Il y a d’abord Metod Devetak, la cinquantaine passée, rédacteur en chef d’un quotidien américain, totalement désabusé, surtout depuis que son journal a été racheté par une entreprise. Précisément celle de Ožbej, une vingtaine d’années plus jeune, qui a réussi dans la vie en tant que geek invétéré, développeur d’une application à succès. L’un et l’autre sont originaires de Slovénie et sont venus chercher un avenir à leur avenir professionnel aux Etats-Unis, l’un et l’autre vont se rencontrer pour la première fois à l’occasion de cet achat-vente, les deux hommes vont se remémorera leur passé, leur enfance, l’une comme l’autre, passée en l’absence de tout géniteur. Beaucoup de similitudes entre les deux hommes pourtant, ils se placent à l’opposé l’un de l’autre, l’aîné travaille à l’ancienne dans la rédaction de journaux imprimés, l’autre dans le numérique et ses nouvelles technologies. Deux représentants de deux mondes qui se succèdent l’un à l’autre, deux symboles puissants de ce qui se joue. Cette bataille fratricide se joue entre l’ancien et le nouveau monde, et également du point de vue géographie et temporel, la Slovénie, tout comme tant d’autres pays d’Europe, semble pour ces exilés n’avoir guère plus d’arguments pour un avenir à leur proposer : tout se joue aux Etats-Unis.

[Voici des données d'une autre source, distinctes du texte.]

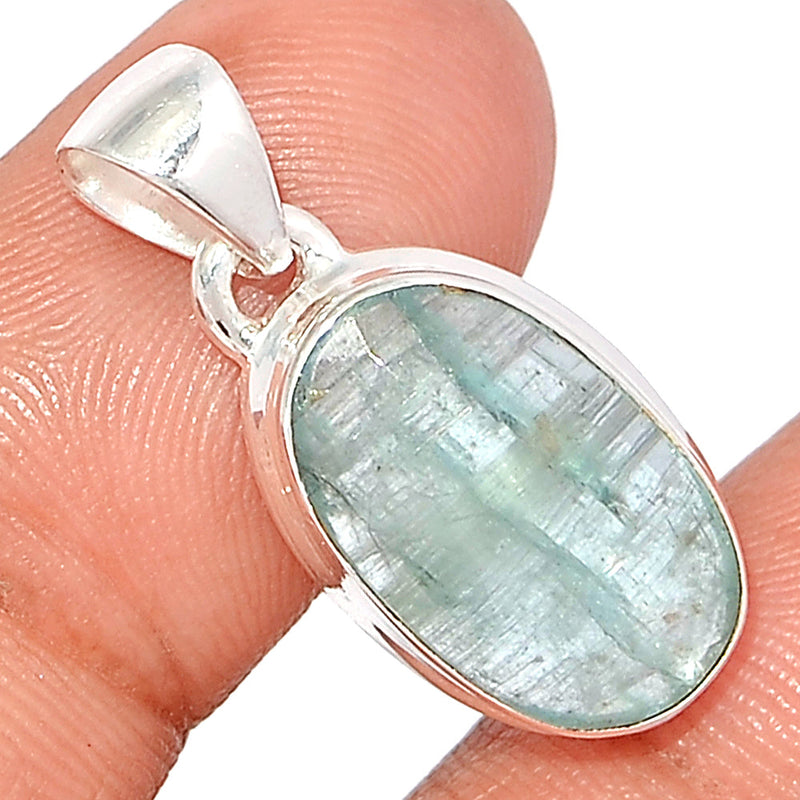 1.1" Aqua Kyanite Faceted Pendants - AKFP112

À travers Metod c’est le sentiment de l’exilé, qui sait qu’il n’est plus à la page et est sur le point d’être débarqué, mis au ban, au placard, cette peur saute aux yeux du lecteur en ouvrant le récit par la contemplation du Pakistanais qui vend les journaux pour les sans-abris. Ožbej, c’est l’exemple parfait du self-made man à l’américaine, le jeune informaticien brillant qui réussit par lui-même, un Mark Zuckerberg slave, forcément bien intégré puisqu’il apporte succès et argent, à la Silicon Valley, bien loin du « seul pays au monde où l’on réussirait à écrire son nom sans faute : Ožbej Ključevšek. ». À vrai dire, c’est aussi in fine une critique sur l’uniformisation, où les accents inhérents aux langues indo-européennes deviennent une chose désuète, une uniformisation progressive sociale qui va de paire avec les technologies qui évoluent et effacent peu à peu tout caractère, toute personnalité à la vie quotidienne, où les journaux papiers n’y ont plus leur place face à l’efficience du numérique, qui pixelise les images, la réalité, la réduisant en de petits carrés insignifiants et flous, et inconsistants. L’assaut d’une société pixelisée.

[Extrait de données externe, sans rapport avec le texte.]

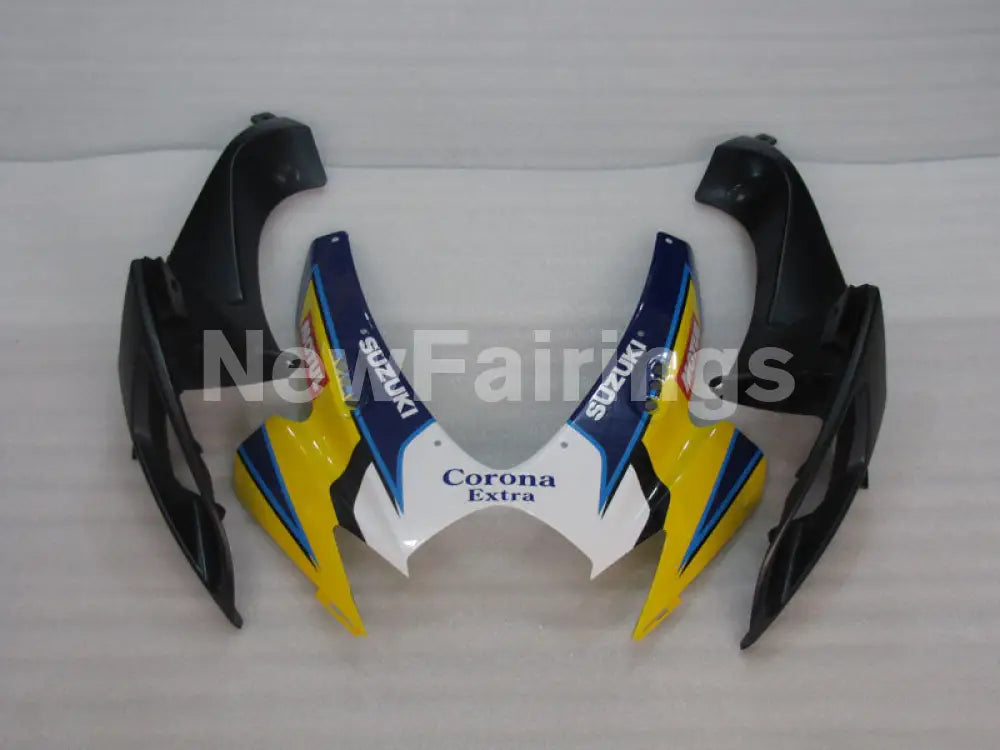 Yellow and Blue White Corona - GSX-R600 06-07 Fairing Kit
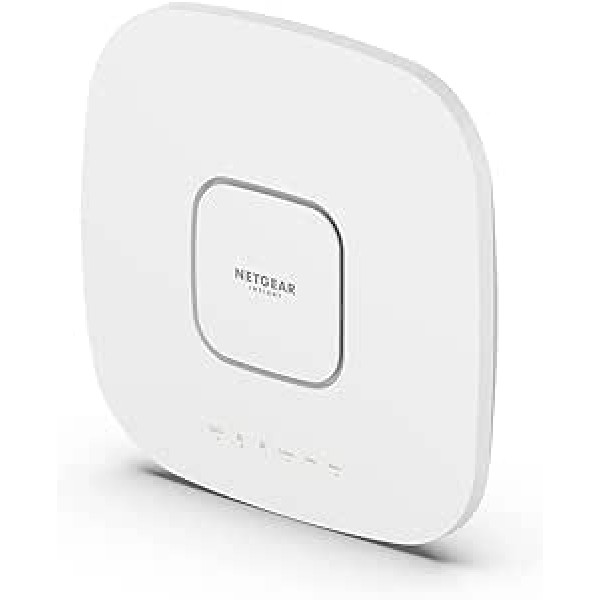 NETGEAR WAX630E WiFi 6E WLAN piekļuves punkts (AXE7800 Tri-Band, WPA3, 802.11ax Mesh iespējots, 2.5G LAN, lokālā vai Insight attālā pārvaldība, PoE++ barošana — barošanas avots nav obligāts)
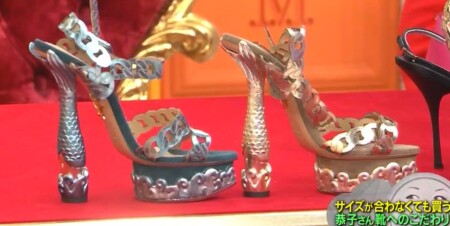 マツコの知らない世界 叶姉妹の履けない靴コレクション シャーロット・オリンピアの人魚姫の靴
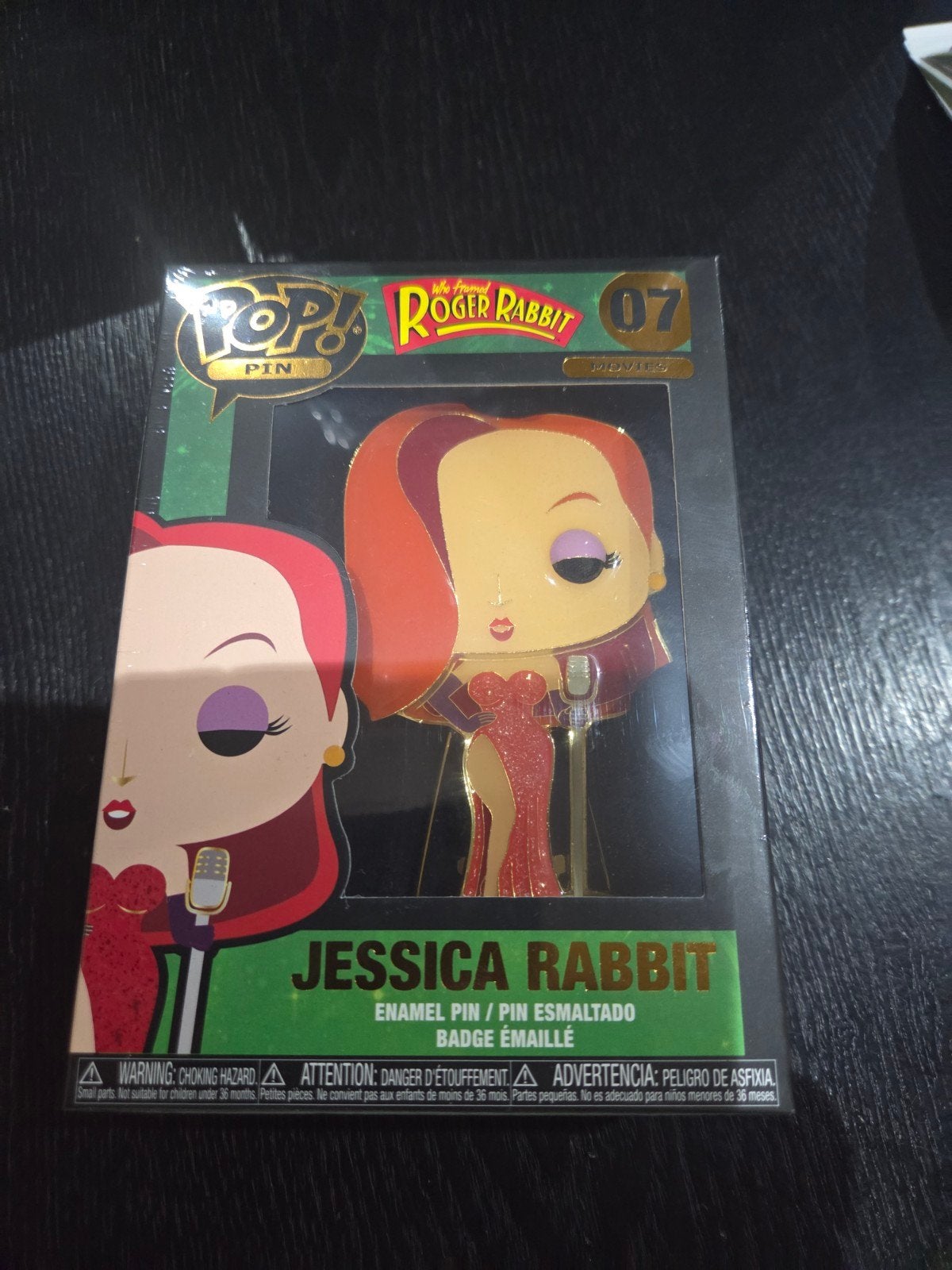 Funko Pop Pin , Who Framed Roger Rabbit , Jessica Rabbit 07, Ophalen of Verzenden, Nieuw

Deux conceptions du présent et de l’avenir se disputent ici à travers le face-à-face des deux hommes que le texte met en face, la perspective à la Robert Musil de Metod l’homme sans qualité face à l’homme qui pourrait être son fils, un ancien hacker, idéaliste, persuadé de pouvoir rétablir un équilibre entre dominants et dominés. L’une des choses qu’ils ont en commun, c’est du haut de leur tour, de son bureau au dernier étage pour l’un, de son isolement dans sa tour d’ivoire pour l’autre, d’avoir atteint le ciel, où il n’y a plus rien après, englué dans une inexistence solitaire, dénuée de tout sentiment et sensation, dans un nuage d’atonie rendue plus épaisse avec le temps. Avec un monde qui a tout poli, tout effacé, jusqu’aux accents des noms, tout impersonnalisé à l’extrême, depuis l’inanité des applications dématérialisées sur des serveurs fantômes, dont son journal va devenir partie prenante.
La narration est bien menée et vous surprendra probablement dans son dernier quart, donnant ainsi encore un peu plus de reliefs qu’à une simple critique sociétale plaquée sur l’histoire croisée de deux Slovènes exilés aux Etats-Unis : un retournement de situation qui permet de rétrospectivement considérer les deux récits d’un autre angle, et lui redonner un aspect plus humain, que je vous laisse découvrir.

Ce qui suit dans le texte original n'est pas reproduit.